Apr. 23, 2014
Sonnet 106: When in the chronicle of wasted time
When in the chronicle of wasted time
I see descriptions of the fairest wights
And beauty making beautiful old rhyme
In praise of ladies dead and lovely knights,
Then in the blazon of sweet beauty's best,
Of hand, of foot, of lip, of eye, of brow,
I see their ántique pen would have expressed
Ev'n such a beauty as you master now.
So all their praises are but prophecies
Of this our time, all you prefiguring,
And for they looked but with divining eyes,
They had not skill enough your worth to sing.
For we which now behold these present days,
Have eyes to wonder, but lack tongues to praise.
It's the 450th anniversary of the birth of William Shakespeare (books by this author), who is traditionally believed to have been born on this date in 1564 in Stratford-upon-Avon, Warwickshire, England. He left behind no personal papers, so our knowledge of his life comes to us from public and court documents. His father, John, was a glove-maker and alderman, and his mother, Mary Arden, was a landed heiress. The baptismal register of the Church of the Holy Trinity in the Shakespeares' parish shows an entry on Wednesday, April 26, that reads, "Gulielmus filius Johannes Shakespeare." Babies were traditionally baptized on the first Sunday or holy feast day after their birth. The Feast of St. Mark was on April 25, and although normally that would have been Shakespeare's baptismal day, it was also considered an unlucky day, and that may be why the child was baptized the following day instead.
Shakespeare studied at the well-respected local grammar school, and married the older — and pregnant — Anne Hathaway when he was 18 and she was 26. She gave birth to a daughter, Susanna, six months later. Twins Hamnet and Judith followed two years after that. Shakespeare was no doubt deeply affected by the death of son Hamnet at age 11; he began to write his tragedy Hamlet soon afterward.

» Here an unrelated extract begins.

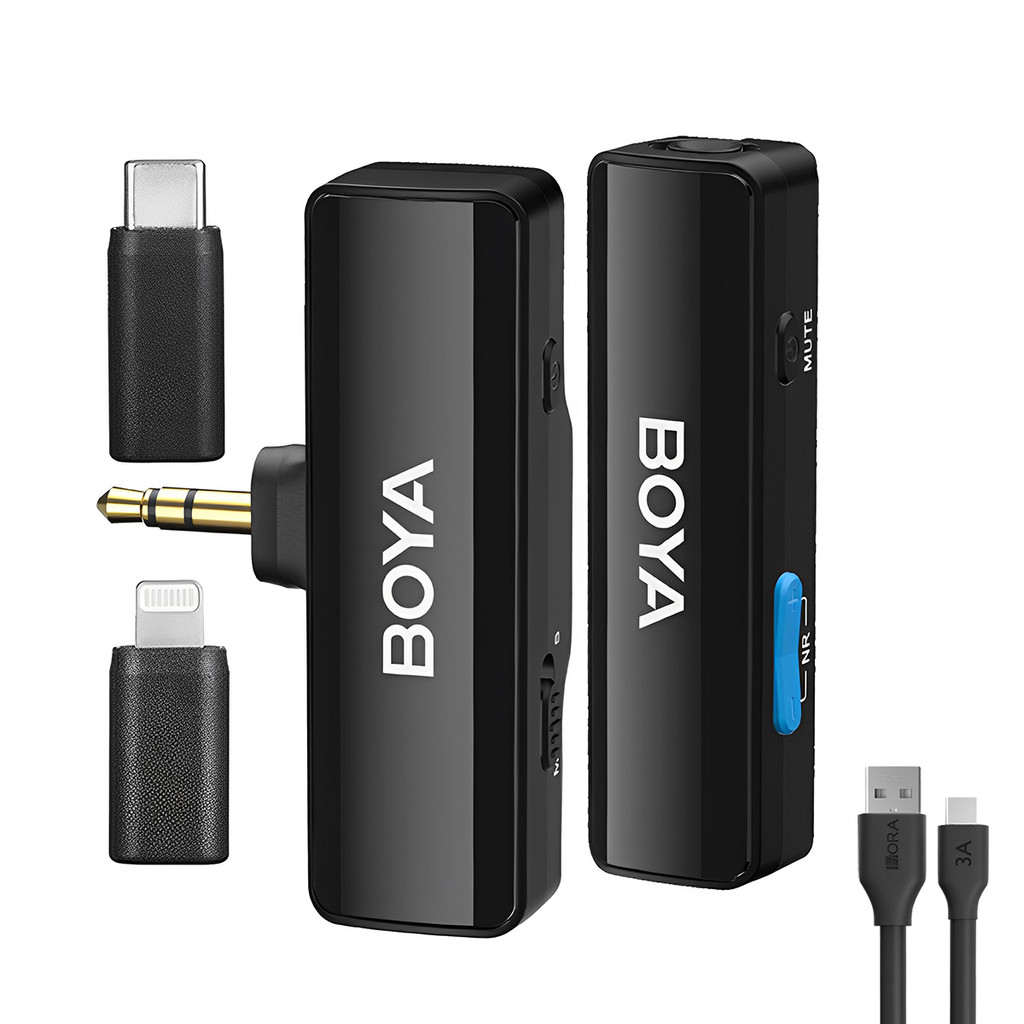 Microfone Lapela Boya Boyalink A1 + Cabo Usb 2.0 A/C Preto (K-6191-5887)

He moved to London around 1588 and began a career as an actor and a playwright. By 1594, he was also managing partner of the Lord Chamberlain's Men, a popular London theater troupe. The 1590s saw the production of his plays Richard III, The Taming of the Shrew, Romeo and Juliet, and The Merchant of Venice, to name but a few. His greatest tragedies — like Hamlet, Othello, and King Lear — were all written after 1600. He wrote his last few plays back in Stratford, where he retired after an outbreak of the bubonic plague caused the London theaters to be closed for long stretches. He was popular during his lifetime, but it wasn't until after his death that his collected works were published in print form. That volume has come to be known as the First Folio, and it was published in 1623.
In 1611, he made out his will, leaving most of his estate to his daughter Susanna, and bequeathing to his wife, Anne, his "second-best bed." He died on or around his birthday in 1616 and was buried in the Church of the Holy Trinity in Stratford, leaving a last verse behind as his epitaph: "Good friend, for Jesus' sake forbeare / to dig the dust encloséd here. / Blessed be the man who spares these stones, / and cursed by he who moves my bones."
Shakespeare wrote 38 plays, 154 sonnets, and a couple of epic narrative poems. He created some of the most unforgettable characters ever written for the stage, and was a master of the language of various social classes. According to the Oxford English Dictionary, he coined 3,000 new words, and he has contributed more phrases and sayings to the English language than any other individual. Shakespeare gave us such commonly used phrases as "a fool's paradise," "dead as a doornail," "Greek to me," "come what may," "eaten out of house and home," "forever and a day," "heart's content," "love is blind," "night owl," "wild goose chase," and "into thin air."